Una de las cosas más difíciles que viví, al morir mi madre en 2003, fue la total ausencia de consuelo que sentí. Recuerdo con claridad que nadie me consoló: ni mi hermana, ni mi esposo, ni mis amigas, ni mi familia.
Pero sí una mujer totalmente ajena a mi vida, una compañera de trabajo que apenas conocía. Ella era ayudante del cocinero, en el hotel. Cuando volví al trabajo y al entrar en la cocina para llenar un cubo de agua (yo trabajaba como camarera de piso), vino hacia mí y me abrazó. Su abrazo fue fuerte, amistoso, cariñoso.

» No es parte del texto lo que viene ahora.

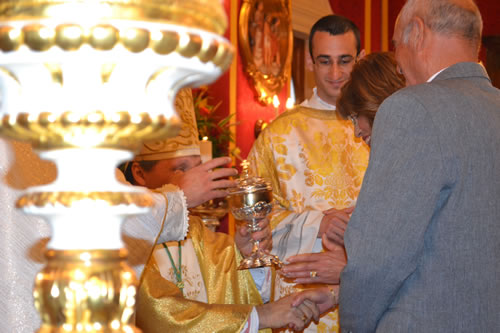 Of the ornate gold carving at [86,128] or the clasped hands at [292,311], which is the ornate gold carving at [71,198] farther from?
the clasped hands at [292,311]

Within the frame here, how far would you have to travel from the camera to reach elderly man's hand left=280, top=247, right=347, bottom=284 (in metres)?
2.72

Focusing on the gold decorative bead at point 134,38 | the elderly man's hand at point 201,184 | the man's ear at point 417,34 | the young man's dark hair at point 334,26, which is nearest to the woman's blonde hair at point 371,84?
the man's ear at point 417,34

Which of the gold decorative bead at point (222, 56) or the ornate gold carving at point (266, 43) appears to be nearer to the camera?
the gold decorative bead at point (222, 56)

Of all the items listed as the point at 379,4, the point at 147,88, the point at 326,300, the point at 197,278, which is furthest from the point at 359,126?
the point at 379,4

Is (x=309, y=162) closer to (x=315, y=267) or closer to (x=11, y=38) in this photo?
(x=315, y=267)

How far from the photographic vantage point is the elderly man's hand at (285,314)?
2.35 meters

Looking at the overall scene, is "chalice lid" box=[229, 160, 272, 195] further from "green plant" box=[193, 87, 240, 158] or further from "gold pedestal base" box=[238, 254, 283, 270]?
"green plant" box=[193, 87, 240, 158]

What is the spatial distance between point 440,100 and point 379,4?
871cm

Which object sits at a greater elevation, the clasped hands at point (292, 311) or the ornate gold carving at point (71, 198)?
the ornate gold carving at point (71, 198)

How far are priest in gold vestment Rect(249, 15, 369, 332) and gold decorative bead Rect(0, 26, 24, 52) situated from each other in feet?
8.63

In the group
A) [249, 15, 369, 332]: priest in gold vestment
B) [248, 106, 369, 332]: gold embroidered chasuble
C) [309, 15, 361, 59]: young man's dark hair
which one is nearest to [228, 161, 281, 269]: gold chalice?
[249, 15, 369, 332]: priest in gold vestment

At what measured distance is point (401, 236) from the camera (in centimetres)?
163

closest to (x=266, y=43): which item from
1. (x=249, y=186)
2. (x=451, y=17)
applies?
(x=249, y=186)

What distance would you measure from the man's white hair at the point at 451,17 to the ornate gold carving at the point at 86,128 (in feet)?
4.90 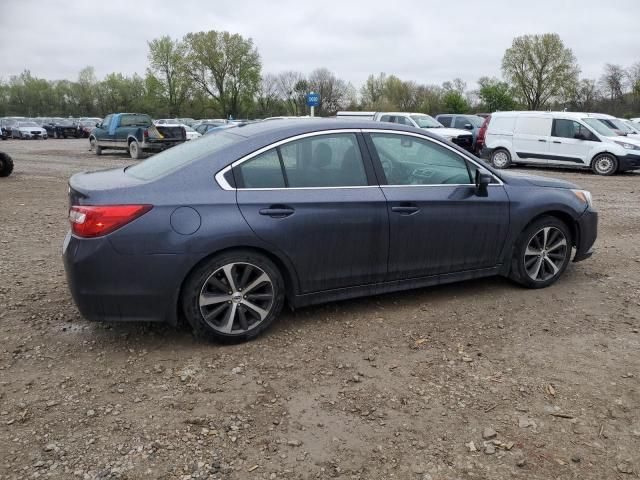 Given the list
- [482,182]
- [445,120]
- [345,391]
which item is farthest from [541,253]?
[445,120]

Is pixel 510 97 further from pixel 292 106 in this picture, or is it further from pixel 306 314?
pixel 306 314

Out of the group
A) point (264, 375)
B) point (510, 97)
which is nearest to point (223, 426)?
point (264, 375)

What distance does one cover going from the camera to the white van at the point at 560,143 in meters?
16.4

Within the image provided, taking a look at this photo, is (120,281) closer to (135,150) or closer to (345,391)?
(345,391)

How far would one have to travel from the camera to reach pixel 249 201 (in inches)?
153

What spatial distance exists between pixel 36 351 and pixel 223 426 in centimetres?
168

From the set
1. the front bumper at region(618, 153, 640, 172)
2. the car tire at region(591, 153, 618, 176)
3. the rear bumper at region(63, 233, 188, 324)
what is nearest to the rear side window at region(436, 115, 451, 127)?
the car tire at region(591, 153, 618, 176)

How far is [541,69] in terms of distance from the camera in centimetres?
7081

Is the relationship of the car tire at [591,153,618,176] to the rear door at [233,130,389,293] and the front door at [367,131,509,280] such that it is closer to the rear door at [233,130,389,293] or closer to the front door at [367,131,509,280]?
the front door at [367,131,509,280]

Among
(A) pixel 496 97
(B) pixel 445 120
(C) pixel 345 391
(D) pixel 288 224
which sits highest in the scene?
(A) pixel 496 97

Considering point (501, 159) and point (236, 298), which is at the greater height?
point (501, 159)

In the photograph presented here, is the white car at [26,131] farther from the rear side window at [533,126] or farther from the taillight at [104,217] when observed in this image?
the taillight at [104,217]

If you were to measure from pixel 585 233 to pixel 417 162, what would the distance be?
1.91 meters

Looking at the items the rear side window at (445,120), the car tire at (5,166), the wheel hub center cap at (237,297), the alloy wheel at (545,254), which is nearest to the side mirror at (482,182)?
the alloy wheel at (545,254) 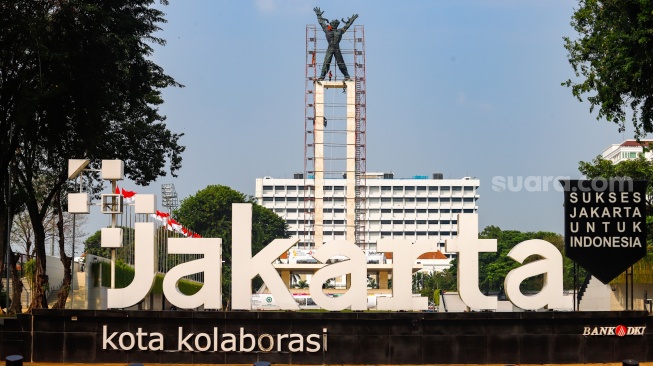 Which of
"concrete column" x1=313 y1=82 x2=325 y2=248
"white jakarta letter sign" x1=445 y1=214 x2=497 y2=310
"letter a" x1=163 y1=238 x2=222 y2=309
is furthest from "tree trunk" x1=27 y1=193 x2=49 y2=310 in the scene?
"concrete column" x1=313 y1=82 x2=325 y2=248

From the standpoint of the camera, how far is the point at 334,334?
33719 mm

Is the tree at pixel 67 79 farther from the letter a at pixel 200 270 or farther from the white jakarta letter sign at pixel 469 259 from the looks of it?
the white jakarta letter sign at pixel 469 259

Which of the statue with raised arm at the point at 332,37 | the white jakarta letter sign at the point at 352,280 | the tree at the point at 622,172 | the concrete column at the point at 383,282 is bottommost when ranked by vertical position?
the concrete column at the point at 383,282

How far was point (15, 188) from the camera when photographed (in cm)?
5197

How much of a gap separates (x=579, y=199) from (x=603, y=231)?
4.15ft

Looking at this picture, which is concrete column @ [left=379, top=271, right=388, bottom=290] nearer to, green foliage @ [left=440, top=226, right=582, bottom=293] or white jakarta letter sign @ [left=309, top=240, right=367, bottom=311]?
green foliage @ [left=440, top=226, right=582, bottom=293]

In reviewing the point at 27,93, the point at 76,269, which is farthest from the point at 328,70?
the point at 27,93

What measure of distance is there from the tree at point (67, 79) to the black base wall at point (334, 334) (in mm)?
9937

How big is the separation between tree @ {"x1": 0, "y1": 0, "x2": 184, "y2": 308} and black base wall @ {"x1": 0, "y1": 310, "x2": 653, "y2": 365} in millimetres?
9937

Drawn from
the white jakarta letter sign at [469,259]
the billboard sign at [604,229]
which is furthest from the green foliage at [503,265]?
the white jakarta letter sign at [469,259]

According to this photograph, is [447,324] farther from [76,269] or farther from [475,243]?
[76,269]

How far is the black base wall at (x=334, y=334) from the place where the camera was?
33656 mm

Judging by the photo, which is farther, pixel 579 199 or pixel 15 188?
pixel 15 188

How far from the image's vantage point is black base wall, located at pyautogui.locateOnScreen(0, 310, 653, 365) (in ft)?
110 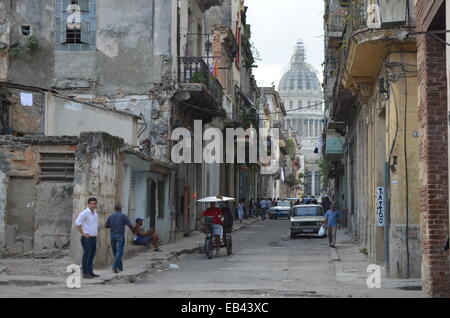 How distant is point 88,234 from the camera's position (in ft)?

Desde entonces, también me doy cuenta, desde aquella mañana, nadie me ha vuelto a consolar. Ni nadie tampoco me ha abrazado de nuevo con aquella fuerza, aquellas palabras no dichas, aquel contacto físico consolador, lleno de silencio y de entendimiento.
Este desconsuelo es un manto negro que me ha habitado desde mi llegada aquí, en este país. Yo volví por varias razones y una de ellas fue retomar contacto con algo que tuve la impresión me habían robado: mi relación y unión con mi familia. Pero después de 30 años de ausencia me he dado cuenta, y esto desde que salí del avión y que constaté que nadie me había venido a recibir, que la familia fue un mito durante mis largos años de ausencia.
Un mito, una falacia, una gran mentira.
Abrir los ojos y madurar ha sido el trabajo que he realizado al volver. Quitar mascaretas sobre la idea de la familia, que yo creía presente en mi vida, presente y necesaria. Despojarme de ella ha sido una tarea que he tenido que hacer, con dificultad pero necesaria. Aceptar mi emigración. Aceptar mi separación.
Por otra parte también me he dado cuenta que la soledad sigue siendo mi mejor amiga, mi única consolación. Esta soledad habitada por animales y por libros. Es lo único que tengo.
Uno es emigrante toda la vida, uno lleva esta etiqueta como una bandera interna y por mucho que quieras quemarla, no puedes. Esto también lo he tenido que aceptar. Y aceptándolo he admitido mi condición de emigrante.
Volvemos a lo que creíamos nuestra tierra, nuestra patria. Todo esto también es una gran mentira. Para el emigrante no hay tierra ni patria. Solo un viaje eterno, como en el limbo. Un viaje inconsolable, un viaje abierto y sin raíces.
La única verdad en estos doce años que he vivido aquí fue aquel abrazo de mi compañera de trabajo, aquel lazo que duró apenas unos segundos.